Früher war diese Ansicht aber eine breit akzeptierte. Die Natur wurde als belebt gesehen – und zwar in all ihren Facetten: denjenigen, die sich die Menschen erklären konnten, aber auch denjenigen, die für die Bewohner dieses Hochlandes nicht so einfach zu durchschauen waren. Segen und Verderben lagen für die Menschen, die direkt in und von der Natur lebten, eng beieinander und es war deutlich einfacher, mit konkreten Wesenheiten als mit einem abstrakten Schicksal zu hadern, wenn widrige Wetterumstände, Seuchen oder ähnliche Katastrophen den Bauern das Leben schwer machten.
So existieren besonders im nördlichen Waldviertel verschiedene Sagenvarianten zum Thema "Wilde Jagd". Stets geht es darin um Erscheinungen am (Nacht-)Himmel, die als Jagdgesellschaft übernatürlicher Wesen interpretiert werden. Diese können zu bestimmten Zeiten - etwa den Raunächten - besonders häufig beobachtet werden und es ist wichtig, sich beim Herannahen jener buchstäblich „Wilden Jagd“ möglichst unauffällig zu verhalten, da es sonst passieren kann, dass man in diesem schauerlichen Zug mitgerissen wird.
Ein Beispiel für die Popularität jener Geschichte ist zum Beispiel der Flurname "Wilde Jagd" nördlich von Hörmanns bei Litschau.

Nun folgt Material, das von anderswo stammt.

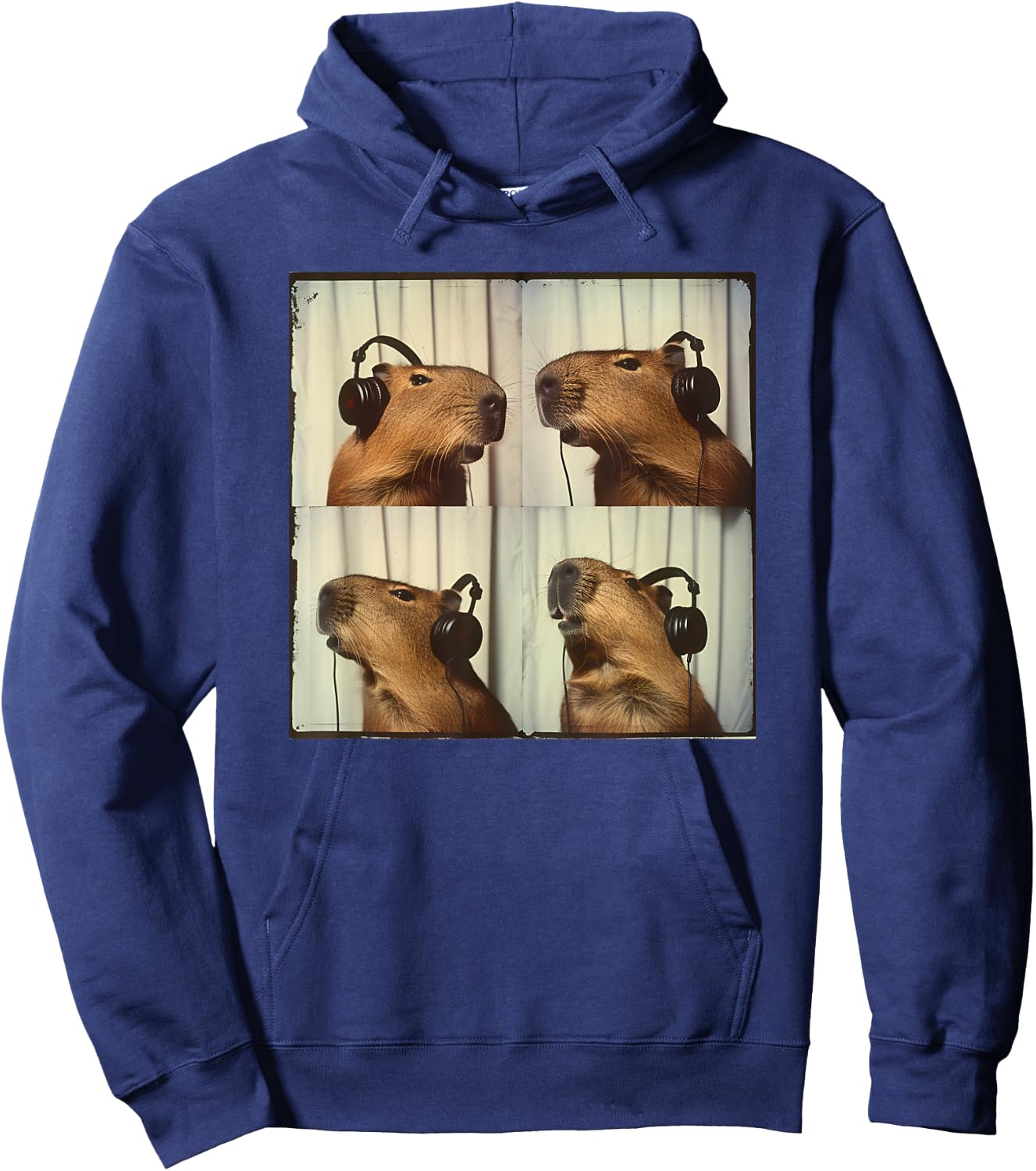 Capybara In Headphones Cute Capy Lover ADHD Autism Sensory Hoodie - Hoodie | Navy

Der "Wilde Jäger", der die unirdische Gesellschaft anführt, wird in den meisten Sagenfassungen ganz offen als "Wotan" bezeichnet, worin deutlich wird, aus welcher Besiedlungsperiode des Waldviertels dieser Mythos stammt: aus der germanischen. Stämme jenes Volkes dominierten das Viertel ober dem Manhartsberg zeitlich gesehen zwischen den Kelten und den Slawen und scheinen zumindest in der Sagenliteratur doch einige Spuren ihrer Glaubenswelt hinterlassen zu haben. Mehrere Sagengestalten des nördlichen Waldviertels sind an ihren Attributen und ihren Handlungen tatsächlich unschwer als germanische Gottheiten zu erkennen.
Die naheliegendste Deutung sieht die Wilde Jagd als Bildhaftmachung von Ängsten, die mit der dunklen Jahreszeit, den Überlebenssorgen in den Wintermonaten und den zu dieser Zeit anberaumten Totengedenkfesten zusammenhängt.

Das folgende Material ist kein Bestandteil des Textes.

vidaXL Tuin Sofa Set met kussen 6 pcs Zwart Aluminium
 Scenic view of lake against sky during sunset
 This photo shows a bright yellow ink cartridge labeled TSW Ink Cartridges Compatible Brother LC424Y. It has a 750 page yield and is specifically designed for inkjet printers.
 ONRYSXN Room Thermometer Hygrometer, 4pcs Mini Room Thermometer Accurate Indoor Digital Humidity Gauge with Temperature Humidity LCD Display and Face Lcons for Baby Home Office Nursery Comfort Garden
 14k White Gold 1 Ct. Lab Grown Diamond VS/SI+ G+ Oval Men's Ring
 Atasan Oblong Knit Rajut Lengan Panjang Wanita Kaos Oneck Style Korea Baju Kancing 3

Interessant ist, dass die Wilde Jagd zwar ein typisches Sagenmotiv für das nördliche Waldviertel darstellt, aber in mehr oder minder abgewandelter Form fast überall auf der Welt (und nicht nur in indogermanischen Kulturen) anzutreffen ist. Offensichtlich scheint es sich bei ihr um einen Archetypus zu handeln, der in Erzählungen, Gedichten, Liedern und Bildern weltweit Ausdruck gefunden hat. Selbst im - dem Waldviertel ja nicht gerade unmittelbar benachbarten - Nordamerika sind sowohl von den Ureinwohnern als auch von den weißen Siedlern ähnliche Sagenmotive bekannt, wobei letztere wohl einfach ihre tradierten Mythen mitgebracht und in der neuen Heimat maximal den veränderten Lebensumständen angepasst haben dürften.
Dass die Sagenwelt des (nördlichen) Waldviertels sich aber letzten Endes nicht als Vehikel zur Erhöhung der Nächtigungszahlen oder als Publikumsmagnet für Tagesausflügler aus der Bundeshauptstadt eignet, macht das Schicksal der Heidenreichsteiner „Anderswelt“ deutlich, deren kurze Existenz als multimediale Erlebnisausstellung zur Mythenwelt der Region kein großes Glück beschieden war: Bereits zwei Jahre nach der Eröffnung war sie schon wieder geschlossen, verstorben an akutem Umsatzmangel.